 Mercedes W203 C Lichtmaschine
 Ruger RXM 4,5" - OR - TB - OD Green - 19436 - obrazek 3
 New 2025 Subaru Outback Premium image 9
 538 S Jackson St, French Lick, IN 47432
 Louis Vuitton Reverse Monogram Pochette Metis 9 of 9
┄┄┄┄┄┄
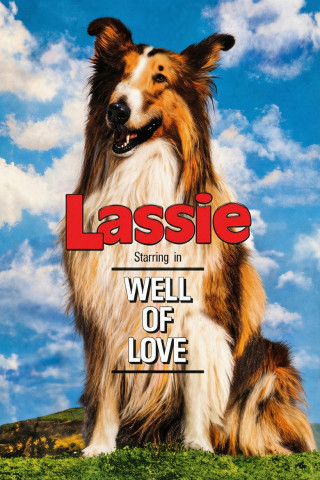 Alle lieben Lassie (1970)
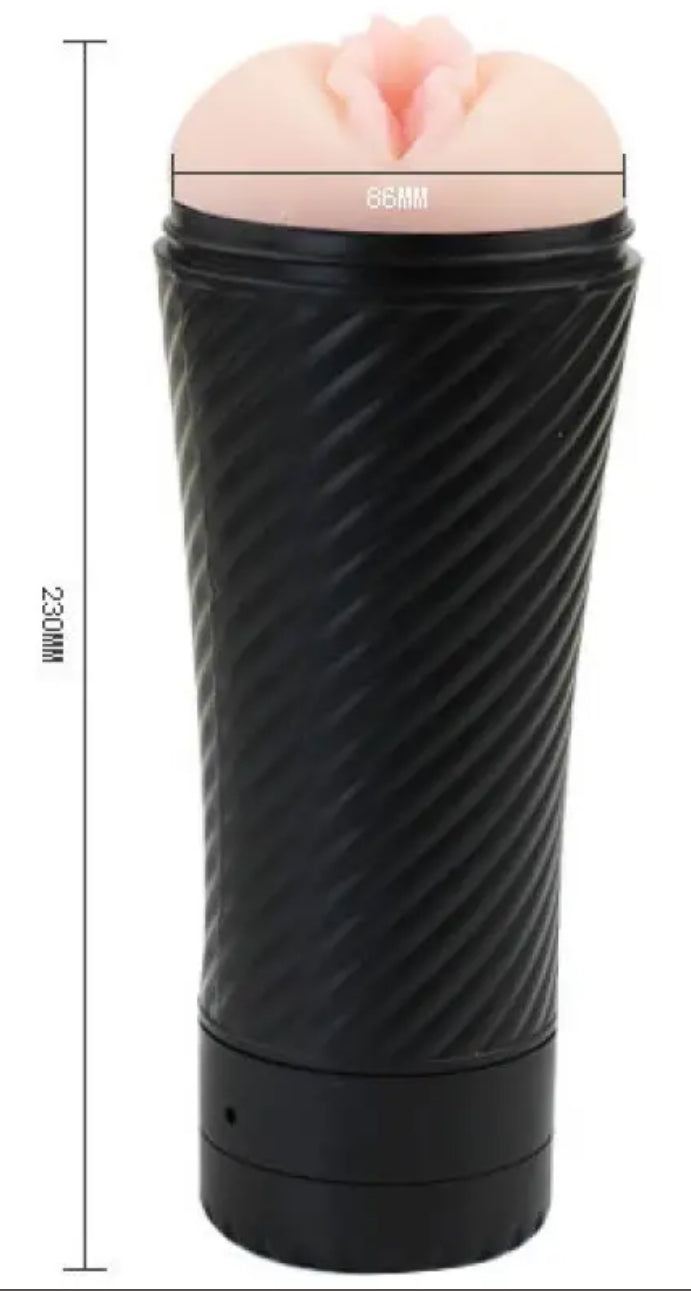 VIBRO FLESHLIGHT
┄┄┄┄┄┄
WHAT IS BEING ASKED:
Look above for the line with "Mercedes W203 C Lichtmaschine" and the line with "Louis Vuitton Reverse". Write out those two lines and all the lines between them, exactly, and no others.

WRITTEN RESPONSE:
 Mercedes W203 C Lichtmaschine
 Ruger RXM 4,5" - OR - TB - OD Green - 19436 - obrazek 3
 New 2025 Subaru Outback Premium image 9
 538 S Jackson St, French Lick, IN 47432
 Louis Vuitton Reverse Monogram Pochette Metis 9 of 9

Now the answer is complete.